Support Questions
Find answers, ask questions, and share your expertise

Cloudera Headnode is too slow

New Contributor

Hi there,

I have a cluster of 8 machines :

head node: Intel core i5 with 8GB memory.

1 i5 machine with 2GB memory

6 Dual core machines with 2-4 GB memory.

I installed CDH5 with Cloudera management services, and hive, HDFS, Hive, Oozie and Yarn (MR2)

My problem is that the system is quite slow and the memory of the headnode is already full even though I didn't insert any data yet in hdfs.

Any advice or suggestoin on how to make it faster is very much appreciated!


Kind regards


Re: Cloudera Headnode is too slow

Those memory sizes are way to low. You can't run anything serious with such small memory sizes.


Anything under 4 GB is pretty useless, and even 4GB might be barely usable for very simple tasks, but anything serious will fail.


8GB might be ok for the master host, since you aren't deploying all services. Still on the low side though, and you'll probably see issues as your cluster activity grows.
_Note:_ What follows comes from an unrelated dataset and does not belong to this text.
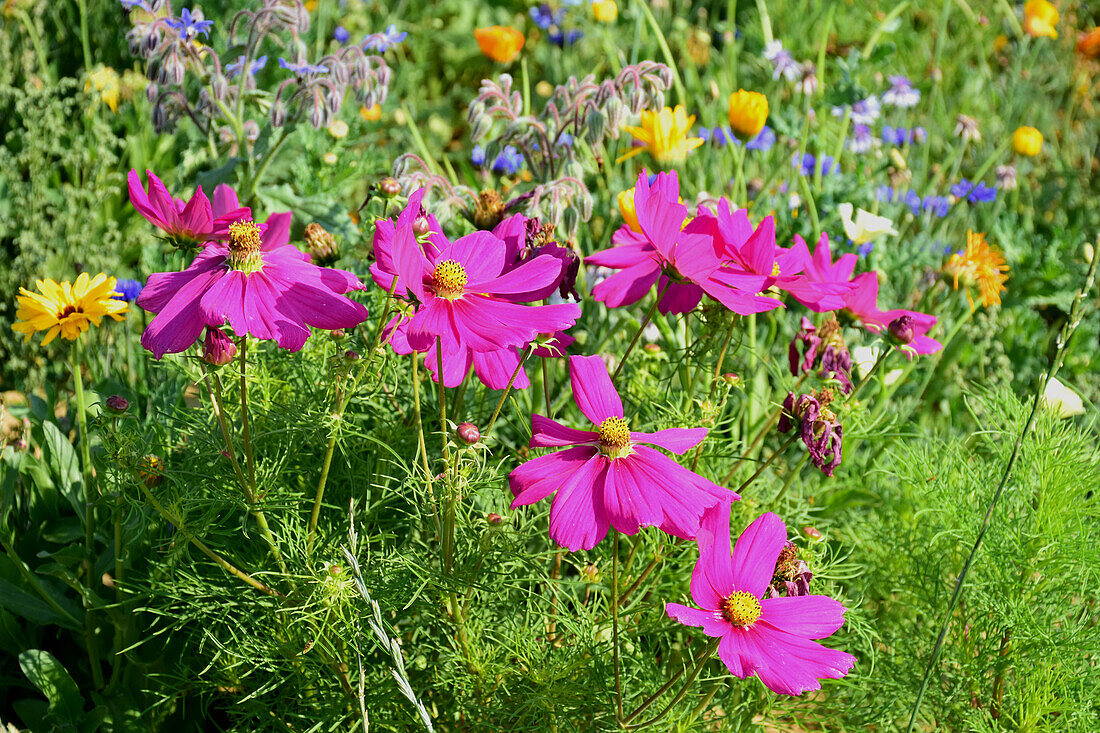  Meadow flowers, colorfully mixed, in Bavarian Swabia in July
Re: Cloudera Headnode is too slow

New Contributor
thank you for the quick reply,
Would you think that working on original hadoop 2 without cloudera would be faster and wouldn't require this much memory?

Kind regards

Re: Cloudera Headnode is too slow

By "without cloudera" I assume you mean "without Cloudera Manager". There's no memory benefit to using upstream Hadoop versus Cloudera's Distribution of Hadoop. Running Cloudera Manager only really takes up resources on the hosts that have Cloudera Manager and the monitoring daemons, each of which take up notable memory. On small clusters, this is by default the first (largest) host, which I would expect is your 8 GB host. For small clusters with low activity, I would expect that to function ok, but definitely not in a production cluster.


2 gigs on a host is just not enough to run your dataNode + taskTracker + MR job + operating system unless your MR job is tiny. It won't work for a production cluster.


So I don't expect you to see notable speed benefits running without Cloudera Manager. You should get larger machines if you want to run in production.

Re: Cloudera Headnode is too slow

New Contributor
right, I'm really surprised to hear this as I thought hadoop was designed to run on small commodity machines where no huge memory required.

By the way my knowledge in Hadoop is quite limited and I'm doing an experiment to compare couchbase execution/performance on my cluster with the execution of hadoop on the same cluster and the same specification. Do you think this is not feasible on the current hardware?
Or do you think I should compare couchbase with the related/same purpose product from hadoop, such as Hbase, but still need to install hdfs, right?

Re: Cloudera Headnode is too slow

4GB isn't really huge memory. The chepest possible consumer desktop from Dell has 4GB or more RAM already. 1TB is probably considered huge.


I would not compare couchbase with mapreduce. MapReduce is more for batch processing, whereas couchbase is a NoSQL database optimized for latency. MapReduce will never give you subsecond response times. HBase will be a more reasonable comparison with couchbase. HBase requires HDFS.


I'm not a hardware or performance testing expert, so I can't really say what exactly you'd need to do your test, but I would strongly suspect that your test is not feasible on the current hardware. You have to at least run HDFS + HBase daemons on your slave nodes, which take up 1 and 4 gigs by default (at least, the defaults Cloudera Manager uses). Leaving some for the OS, that's at least 6 gigs of RAM to run with default configurations. Performance tuning, depending on your workload and whatever experts / books say, could change this further.